Utter hogwash. Florida is not an economist but rather an “urban theorist”, and the data and methodologies he uses to argue his ideas have been attacked by academics, journalists and real economists alike. How anyone can believe that art galleries and funky cafés will ever produce more or better-paying jobs than manufacturing and natural resources is beyond me. What Florida spouts is nothing more than yuppie validation, and is not based on reality. The truth remains the same: traditional capital spawns the cultural sector, not the other way around. But a lot of urbane, cosmopolitan creative types buy into Florida’s theories because they see it as a silver bullet for arguing for more cultural funding: after all, if culture is the future of the economy, if it is going to be the engine of tomorrow’s prosperity, then why wouldn’t you invest in it? These people are probably exhausted trying to argue for more cultural funding based on other, non-economical grounds, and Florida tells them exactly what they’ve been waiting to hear.
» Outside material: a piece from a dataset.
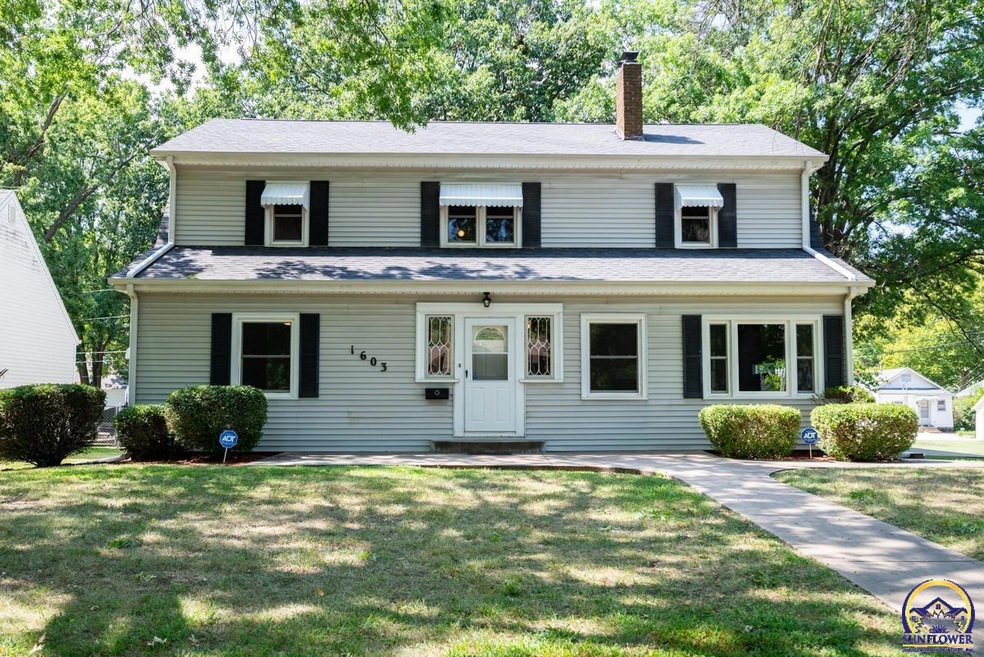 1603 SW Webster Ave, Topeka, KS 66604 - photo 1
I am not exhausted. To argue for the arts based on economics is a fool’s errand, and I think Florida’s theories are dangerous. He posits, for example, that cities should be more accepting of gays and lesbians because they will play a huge role in this new super-creative economy. Really? And what if they didn’t? What if someone could prove with an Excel spreadsheet that homosexuality is a net-loss to the economy? Does that mean we should then shepherd in homophobia and intolerance? Of course not. You don’t accept gays and lesbians into your community because they’re good for the economy. You accept them because it’s the right thing to do – because doing so makes ours a more just and humane society.
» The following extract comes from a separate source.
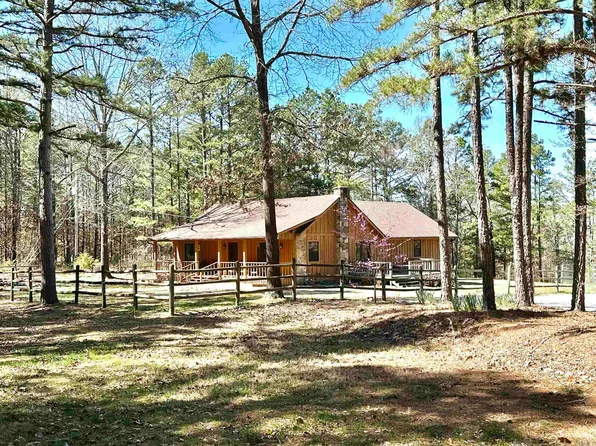 165 Jones St, Calico Rock, AR 72519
The exact same thing goes for the arts. I’m a staunch proponent of the traditional argument for cultural funding, which goes somewhat like this:

   1. There is something much more to a healthy society than just a strong, upwardly mobile economy, and
   2. Arts and culture play a vital role in whatever that something is.
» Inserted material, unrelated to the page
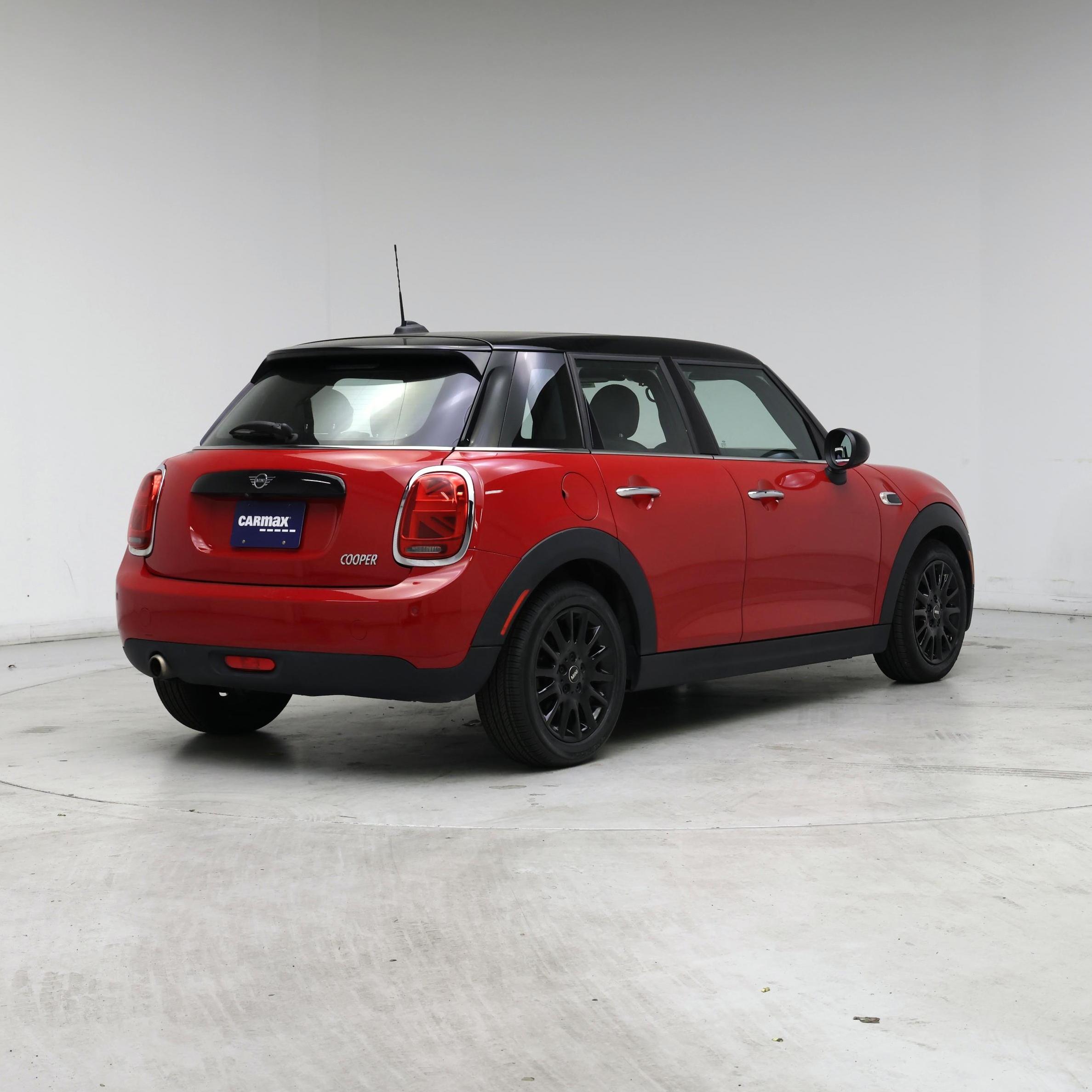 Thumbnail: 2019 MINI Cooper Hardtop - 8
That’s it. If you’re an artist, that’s the beach you die on. But when artists themselves – not to mention their hangers on, advocates and lobby groups – stop believing in the inherent truth of point 1 and start seeing everything through the prism of economics, then a whole Pandora’s box opens. Notice, for example, that right-wing pro-business groups here in Canada have started locking their lobbying crosshairs on the traditional humanities departments at our universities. They’re arguing that these hallowed (but, thanks to postmodernists, endemically masochistic) institutions should be “revamped” – i.e. done away with – in order to make way for places to train creative types to work in these kinds of “new economy” jobs that Florida pontificates about. So great: workers will be able to design websites and or curate art galleries, write press releases or use Photoshop without ever getting a grounding in the fundamentals of intellectualism, without learning how to think critically or argue logically. These people are building their houses on sand.

Sadly, I actually believe that traditional arts and culture are a net loss to the economy. Whatever they add to GDP, the arts probably take more away from it in terms of funding and other public support. But you know what, that’s the way it should be. Because there is more to life than just economics. There is something to be said for art for art’s sake. But if creative types themselves don’t believe that anymore, then why should anybody else?